GridDS: a hybrid data structure for residue computation in point set matching

Abstract

Registration of 3D point clouds is a problem that arises in a variety of research areas such as computer vision, computer graphics and computational geometry. This situation causes most papers in the area to focus on solving practical problems by using data structures often developed in theoretical contexts. Consequently, discrepancies arise between asymptotic cost and experimental performance. The point cloud registration or matching problem encompasses many different steps. Among them, the computation of the distance between two point sets (often refereed to as residue computation) is crucial and can be seen as an aggregate of range searching or nearest neighbor searching. In this paper, we aim at providing theoretical analysis and experimental performance of range searching and nearest neighbor data structures applied to 3D point cloud registration. Performance of widely used data structures such as compressed octrees, KDtrees, BDtrees and regular grids is reported.
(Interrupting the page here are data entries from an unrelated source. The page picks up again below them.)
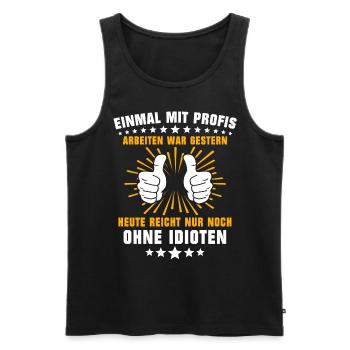 Profis Arbeiten Handwerker - Männer Premium Bio Tank Top - Schwarz - Vorne - Michal (187cm)
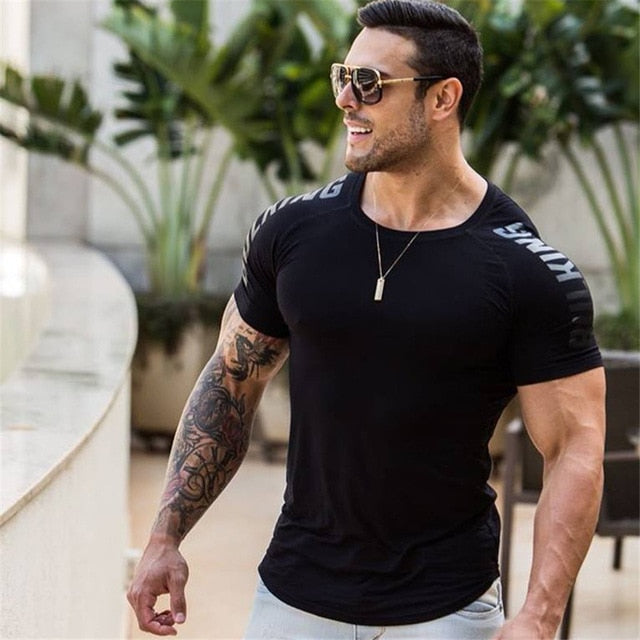 Mens Compression T-shirt Jogger Sporting Skinny Tee Shirt Male Gyms Fitness Bodybuilding Workout Black Tops Quick dry Clothing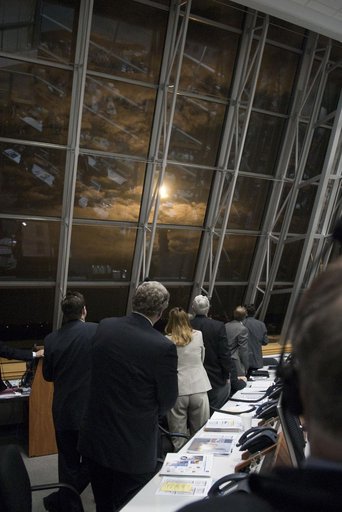 Personnel in LCC watch STS-130 Launch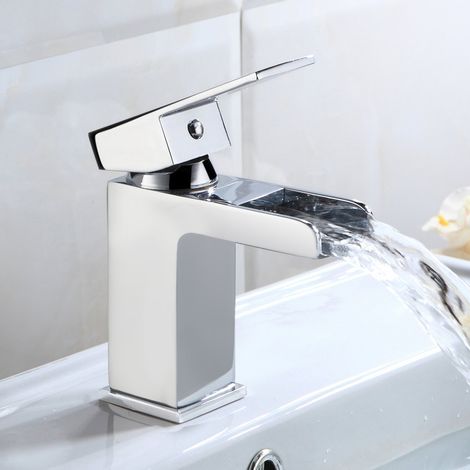 Ozone Contemporary Chrome Waterfall Cloakroom Basin Mono Mixer & Waste (1/5)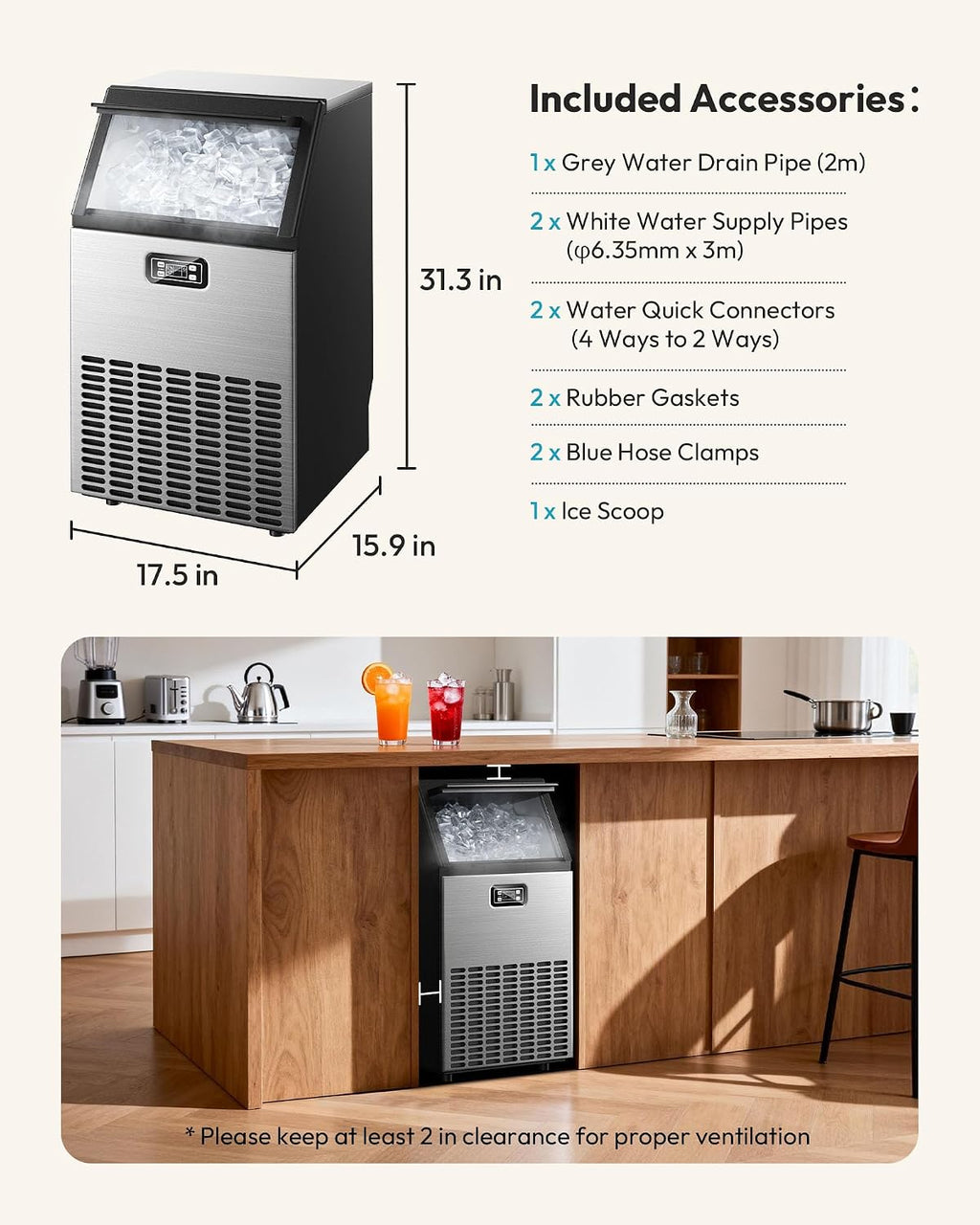Commercial Ice Maker Machine - 100lbs Daily Production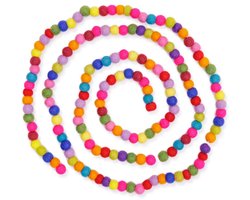 Viltslinger Wolvilt - Bolletjes Small Multicolor - Handmade&Fairtrade - Homedeco - 200cm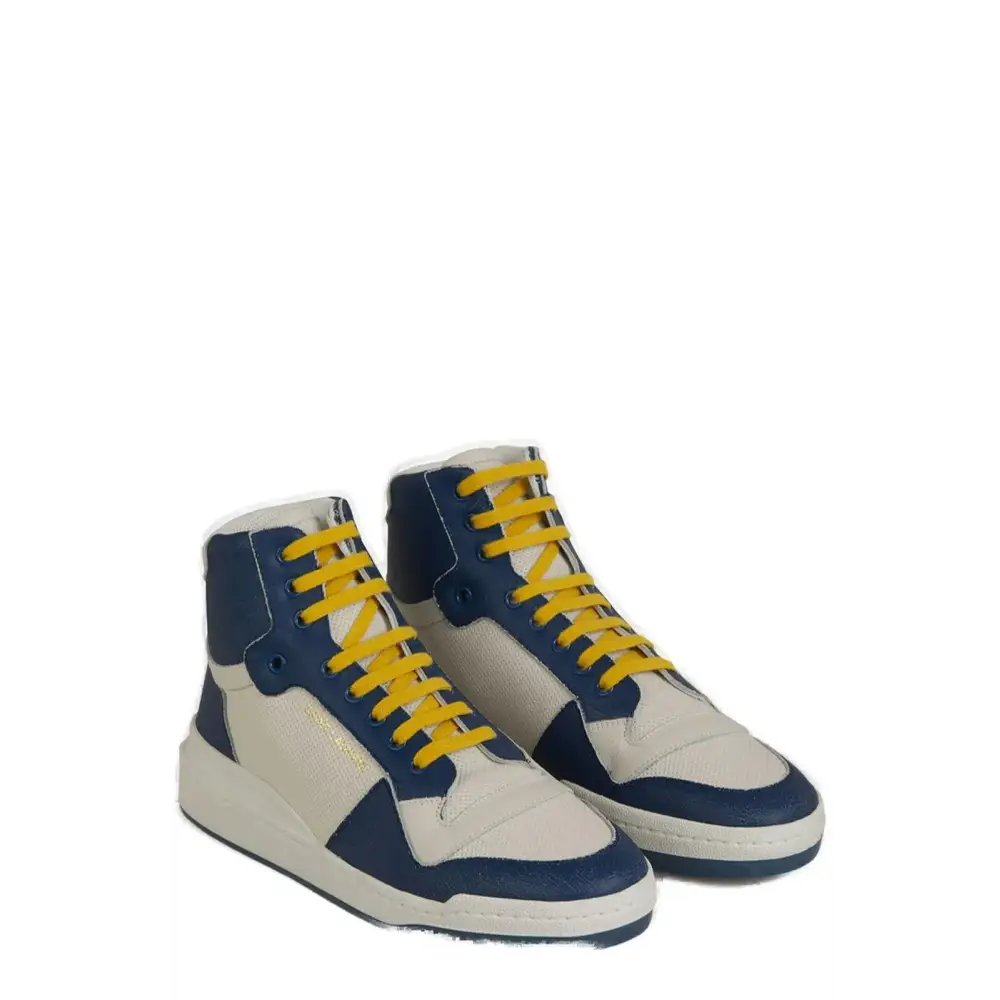 Saint Laurent Erhöhen Sie Ihren Stil mit blauen Luxus-Sneakers in mittlerer Höhe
Additionally, we present a new hybrid data structure named GridDS, which combines a regular grid with some preexisting “inner” data structure in order to meet the best asymptotic bounds while also obtaining the best performance. The experimental evaluation in both synthetic and real data demonstrates that the hybrid data structures built using GridDS improve the running times of the single data structures. Thus, as we have studied the performances of the state-of-the-art techniques managing to improve their respective running times thanks to GridDS, this paper presents the best running time for point cloud residue computation up to date.